Для гуманитария некое ощущение миссии было. Дескать, ты хранитель, музейный работник. Но когда пришла перестройка, мы по обе стороны океана все стали наравне. Страшно любопытно было наблюдать, как метрополия проходит все те же этапы, что эмиграция. Если говорить о литературе, то совпадения до смешного: лагерные разоблачения, эротика, мат.
И. Т. Что еще нужно пройти?
П. В. Какие виды словесной свободы еще бывают? Сказать о вожде, что он кусок говна, да назвать половой орган хуем. Вот, собственно, и все.
Так что мы стали частью чего-то большего – такое ощущение появилось быстро. Мне это приятно и дорого, потому что сильно расширился круг общения.
И. Т. Хотите ли вы произнести: “после эмигрантской затхлости”?
П. В. Ну какая затхлость? Жизнь фонтанировала. Просто сразу раздвинулись горизонты. И сейчас большинство близких и дорогих мне людей живут в Москве, да и в Питере тоже.
И. Т. А отъезд из Америки, возврат назад в Европу – что это для вас: потеря, приобретение, временное состояние? Есть ли ностальгия по Америке?
П. В. Только по Нью-Йорку. Нью-Йорк самодостаточен и равновелик всему остальному миру. Ничего подобного на земле не изобретено, я его люблю и думаю, что хорошо знаю. Поэтому из Нью-Йорка переезжать куда-то – всегда потеря. Всегда выбор между большим и меньшим. Но есть огромные плюсы.

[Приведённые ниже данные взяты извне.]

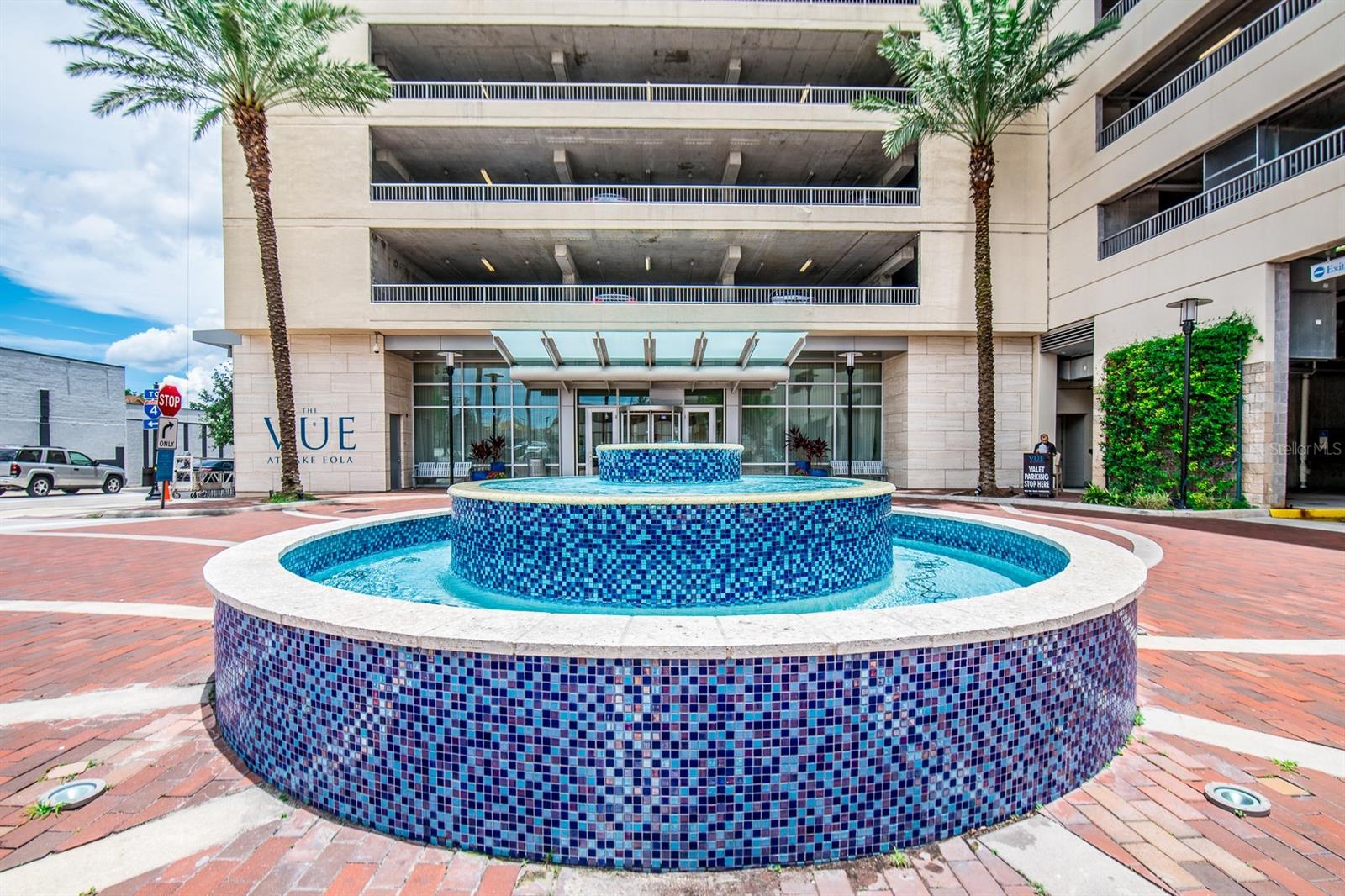 Listing photo 2 for 150 E Robinson St #1810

У моего переезда было два мотива. Я мог благополучно оставаться в Нью-Йорке, заведовать все тем же бюро “Свободы”. Но я к сорока пяти годам полжизни прожил в одной большой державе, полжизни – в другой, а в Европе, которую очень люблю, не жил никогда. Второй мотив более туманный, но для меня очевидный: я подумал, что если в сорок пять лет не в состоянии сделать решительного жеста, то не сделаю его никогда. Какое-то вливание адреналина.
С тех пор ни разу не пожалел, потому что, потеряв Нью-Йорк, много приобрел – европейскую жизнь в центре Европы, где вечером в Праге сажусь в поезд, а утром просыпаюсь в Венеции. Пять часов до Берлина, пять часов до Вены. До той же Москвы, с которой жизнь моя связана уже в силу того, что там печатаюсь и там мои друзья, два часа лету.

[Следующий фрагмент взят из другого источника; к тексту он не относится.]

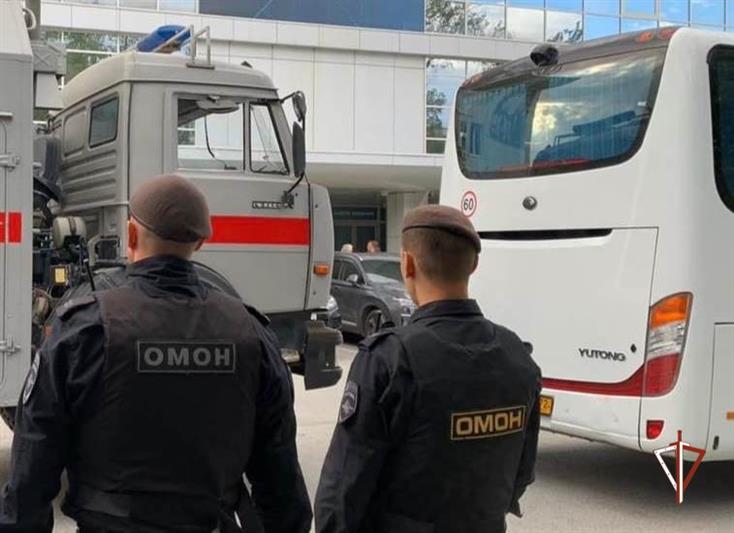 Росгвардия обеспечила безопасность матчей Высшей хоккейной лиги в Тюмени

И. Т. А что для вас иностранцы значили в эмиграции? Насколько вы сближались с ними, появились ли у вас друзья, изменилось ли вообще представление о человеке?

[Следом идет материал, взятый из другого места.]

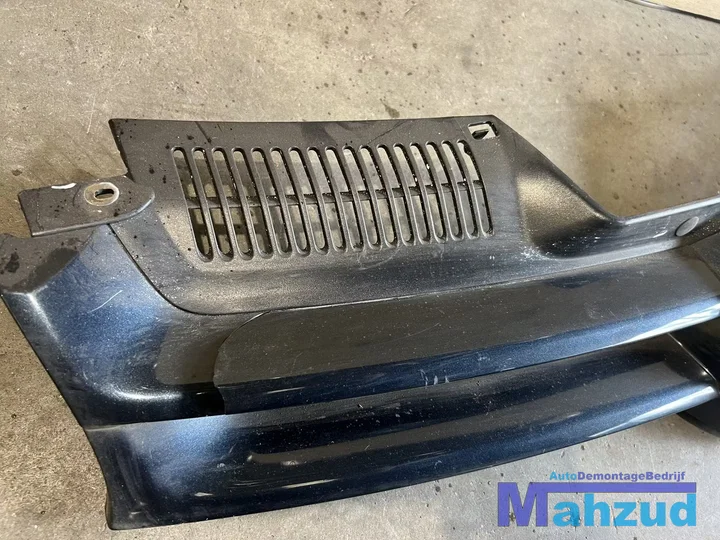 vw-golf-5-grille-logo-20032009 — foto 2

П. В. Оно вообще должно меняться – просто со временем. А вот пространственное перемещение для меня оказалось несколько легче, чем для людей из Москвы или Питера, и вот почему. Любопытная штука, которую я осознал довольно поздно. То, что родился и вырос в Риге, – аукнулось во взрослой жизни. С детства я знал, что одно и то же понятие можно выразить, как минимум, на двух языках. На магазине было написано не “Хлеб”, а “Хлеб” и Maize. Не “Молоко”, а “Молоко” и Piens. Да еще другим алфавитом – не кириллицей, а латиницей. То, что можно назвать альтернативным сознанием, присутствовало изначально. Был уже опыт жизни в иной языковой среде, хотя Рига для меня была русским городом. Поэтому она мне сейчас и чужда, когда приезжаю: с одной стороны, абсолютно своя, знакомая до последнего камешка, а с другой – чужой город, потому что теперь не русский. Тем не менее двуязычие, двувариантность – то, чего человек из собственно России лишен. Думаю, что это было одним из моих преимуществ.